Fenomena terorisme dan bom bunuh diri tersebut merupakan suatu fakta sosial dan bukanlah fenomena individual. Untuk mengantisipasinya, maka harus dicari penyebab yang juga merupakan fakta sosial. Dalam konteks ini, berbagai fenomena terorisme dan bom bunuh diri terjadi karena adanya pemahaman norma-norma religius yang destruktif, perilaku tidak adil dalam realitas sosial dan lain-lain yang bersifat diskriminasi struktural. Oleh karena itu, perlu para "pemegang otoritas" agama (Islam) untuk kembali memikirkan pola dakwah, pendidikan dan pendekatan terhadap transformasi ajaran Islam tersebut kepada ummat Islam itu sendiri, terutama pemahaman-humanis tentang beberapa konsep yang selama ini “menggairahkan” seperti “Jihad”. Pertanyaan logis yang mengedepan di benak kita harus dengan jujur untuk kita jawab yaitu: Mengapa ummat Islam memiliki potensi besar melakukan tindakan teror ? Mengapa para pelaku teroris dan Bom Bunuh Diri di Indonesia tersebut adalah orang-orang yang dekat dengan pondok pesantren?
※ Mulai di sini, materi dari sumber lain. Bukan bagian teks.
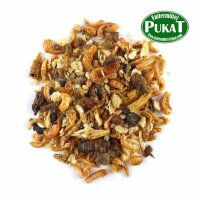 Claus Fett-Alleinfutter Typ IV blau 200g (lose)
Ahmad Syafi’ie Ma’arief berpendapat bahwa untuk kedepan kurikulum dalam dunia pendidikan Indonesia, khususnya ummat Islam Indonesia, harus menekankan pendekatan yang humanis, hubungan dengan Tuhan juga berkorelasi erat dengan hubungan dengan manusia serta penekanan terhadap ajaran bahwa manusia yang Islami dan disayang oleh Allah SWT. adalah manusia yang menjaga peradaban dan ciptaan Allah. Disamping itu, diskriminasi dan ketimpangan sosial harus sedikit demi sedikit diperbaiki. Keadilan harus ditegakkan, tanpa pandang bulu. Rasa persaudaraan antar ummat beragama perlu dikembangkan dan dianggap perlu, bukan dilestarikan. Sementara itu, Komaruddin Hidayat mengatakan bahwa terorisme dan perilaku bom bunuh diri bukan budaya masyarakat Indonesia. Namun bila dilihat secara historis, budaya kekerasan ada dalam setiap budaya di Indonesia yang kadang-kadang dijustifikasi oleh ajaran agama (Islam). Kasus Perang Aceh dengan Hikayat Perang Sabil yang termaktub dalam analisis antropologisnya (terdapat dalam buku yang diterbitkan INIS : Nasehat-Nasehat Snouck Hourgronje Jilid I - IX) Snouck Hourgronje memperkuat hal ini. Oleh karena itu, untuk kedepan, disamping menekankan pendekatan humanis terhadap ajaran Islam, kita juga harus menekankan jiwa humanis budaya-budaya di Indonesia. Karena bagaimanapun juga, seperti dalam setiap agama di dunia ini, setiap budaya lahir untuk menjaga dan mengembangkan peradaban ummat manusia. Butuh momentum tersendiri untuk memberikan pesan kepada pemegang otoritas politik Indonesia bahwa kebijakan-kebijakan yang menyudutkan ummat Islam hanya akan melahirkan ummat Islam yang radikal. Wallau 'Alam bi Shawab.